Traditional transactions (commit multiple changes at once)

tar · July 27, 2018, 3:28pm

How can changes to be made to a Datomic database be grouped in a way that they either all succeed or they all fail? Think of transactions in SQL, via BEGIN and COMMIT/ROLLBACK.

In a non-trivial system there are some high-level actions that require several small overlapping changes to the data. Having a subset of the changes go through and the rest fail is important to avoid.

I tried forking the db using d/with, then accumulating tx-data with the idea that I could transact them all at some later time. That strategy breaks if the tx-data has conflicting datoms, or involves retractions or other database functions. I also thought of just using d/with repeatedly but accumulating the :tx-data lists from the response of d/with, in order to avoid issues with database functions, but that of course means that the benefit of database functions (acting atomically on the latest db value) is lost, and it still doesn’t solve the issue of conflicting datoms.

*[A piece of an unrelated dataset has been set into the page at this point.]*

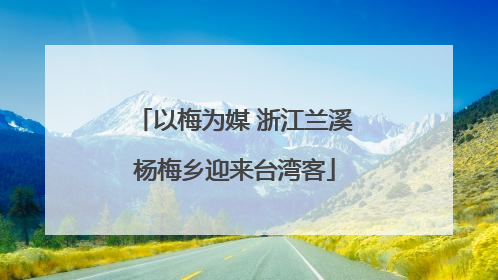 以梅为媒 浙江兰溪杨梅乡迎来台湾客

Combining changes manually into a single d/transact call is not a valid solution because it implies that I need to write two copies of the same logic - one that is a function of entity->tx-data and one that is a function of tx-data->tx-data.

dustingetz · July 29, 2018, 7:02pm

Does this accomplish what you want without intermediate effects?

(defn step-1 [$]
  ; Each step can query as if the transactions went through
  ; each step must return a dbval for next guy
  [$ [[:db/add "a" :todo/title "buy groceries"]]])

(defn step-2 [$]
  [$ [[:db/add "b" :todo/title "feed baby"]]])

(defn step-3 [$]
  [$ [[:db/add "a" :todo/completed true]]])


(comment
  (def $ (d/db (d/connect "datomic:free://datomic:4334/~dustin.getz")))
  (let [[$ tx] (step-1 $)
        [$ tx'] (step-2 (:db-after (d/with $ tx)))
        [$ tx''] (step-3 (:db-after (d/with $ tx')))]
    [$ (concat tx tx' tx'')])

  #_[datomic.db.Db @e8096e87
     ([:db/add "a" :todo/title "buy groceries"]
       [:db/add "b" :todo/title "feed baby"]
       [:db/add "a" :todo/completed true])]
  )

(defn comp-step [f g]
  (fn [$]
    (let [[$ tx] (g $)
          [$ tx'] (f (:db-after (d/with $ tx)))]
      [$ (concat tx tx')])))

(comment

  ((comp-step step-2 step-1) $)
  #_[datomic.db.Db @de8957c1
     ([:db/add "a" :todo/title "buy groceries"]
       [:db/add "b" :todo/title "feed baby"])]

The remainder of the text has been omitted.